Der »liebe Kerl« Piet war sofort bereit, mir meinen Wunsch zu erfüllen. Zuerst aber fuhr er mit mir zu Uwe-Düne, der höchsten Erhebung auf Sylt, am Roten Kliff zwischen Wenningstedt und Kampen gelegen, und wir erkletterten die hundertzehn Stufen zur Aussichtsplattform. Dort stand ich an der Brüstung und schaute. Schaute über die Nordsee, deren Wellen heute wild heranrollten und schäumend den Strand eroberten. Schaute weiter über die Insel, über die reetgedeckten Häuser Kampens hinweg zum rot-weißen Leuchtturm, in südlicher Richtung nach Westerland und in die nördliche bis nach List. Der Wind zauste mein Haar und trieb mir Tränen in die Augen, aber es war schön hier oben. Ein Platz, von dem aus sich bestimmt tolle Sonnenuntergänge beobachten ließen. Oder auch den Sternenhimmel in einer Sommernacht. War das nicht der ideale Schauplatz für eine romantische Liebesszene?

Als ich bei diesen Überlegungen angelangt war, legten sich auf einmal links und rechts Piets Arme um mich. Er stützte sich am Holzgeländer ab. Ich spürte seinen mächtigen Körper nahe hinter meinem. Oha! Vorsichtig nahm ich seine große Rechte mit meinen beiden Händen auf und befreite mich.
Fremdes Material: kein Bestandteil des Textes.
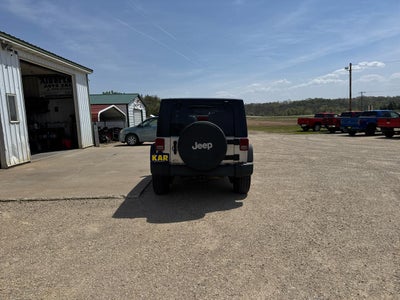 2007 Jeep Wrangler 4WD 4dr Unlimited X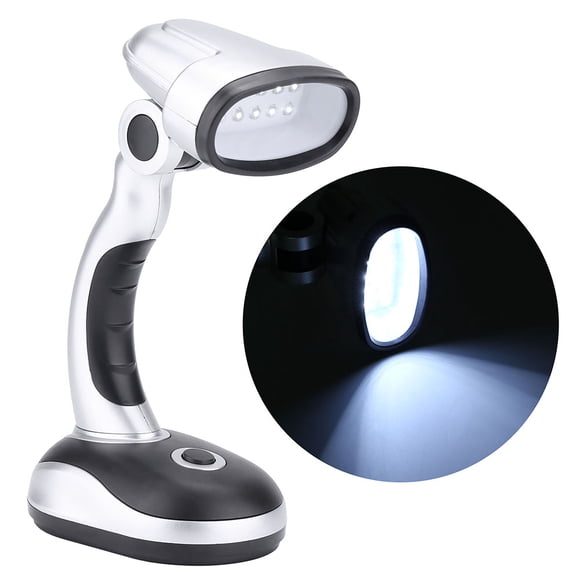 Lámpara LED Jadeshay de escritorio 12 luces ultra sensible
»Genug geschaut! Könnten wir jetzt zu dem Buchgeschäft fahren?«

 

Piet hatte eigentlich im Wagen warten wollen, aber es dauerte etwas länger, weil man das Buch für mich beiseitegelegt hatte und die Mitarbeiterin es nicht so schnell fand und erst ihre Kollegin fragen musste, die mitten im Kundengespräch war. Als ich es endlich bekam und den Laden verließ, stand Piet draußen vor dem Schaufenster und merkte gar nicht, dass ich herausgekommen war. Ich stellte mich neben ihn und folgte seiner Blickrichtung: ein Plakat. Es kündigte die Lesung am Samstag im Kaamp-Hüs an. Der Name Susanne Haberwein war bereits gestrichen und ein Aufkleber informierte darüber, dass die Autorin wegen Krankheit leider nicht lesen könne und stattdessen Lisa Redlich mit ihrem Buch Bergflimmern zu sehen und zu hören sei.

»Die heißt wie du«, sagte Piet.

Ach, er hatte doch mitgekriegt, dass ich wieder da war.

»Stimmt.« Ich verbiss mir ein Lachen.

Er schielte zu mir herunter, dann wieder auf das Plakat. »Ist das jetzt Zufall, oder …?«

»Irgendwie schon, aber auch wieder nicht.« Ich zupfte ihn am Ärmel. »Komm, Piet, ich erzähl dir das beim Essen. Wo führst du mich denn hin?«

Wenig später saßen wir im Restaurant Fitschen am Dorfteich. Der Wind hatte uns davon abgehalten, auf der Terrasse Platz zu nehmen. Von der blickte man direkt auf den Teich und den ihn umgebenden Park. Der Tag, an dem ich dort auf einer Bank gesessen hatte, mit meiner Lektorin telefonierte und noch nicht wusste, was mir kurz danach in der Sparkasse bevorstand, war schlagartig wieder präsent. Vielleicht war das der Grund dafür, dass ich Piet beim Essen nicht nur seine Frage zum Namen der auf dem Plakat stehenden Autorin beantwortete. Ich berichtete ihm auch, wie es mich auf Hof Pferdeglück verschlagen hatte, mit allem, was zuvor passiert war.

Piet hörte sichtlich beeindruckt zu, und ich nutzte die Gelegenheit und schloss mit den Worten: »Und jetzt brauche ich erst einmal eine Auszeit, keinen Mann in meinem Leben.«

Piet nickte ernst. »Gar keinen?«, fragte er dann.

»Gar keinen.«

»Musst dich erholen von dem, was? De Swienjack! Der sollte mir unter die Finger kommen! Dem würd ich …«

»Schon gut, Piet. Irgendwann wird er sicher geschnappt.« Ich klopfte leicht auf seinen Arm. »Danke, dass du mir zugehört hast. Und mit gar keinen meine ich natürlich nicht, dass wir nicht Freunde sein könnten.«

Daraufhin bestellte Piet doch wieder zwei Klare, und wir stießen miteinander auf unsere Freundschaft an.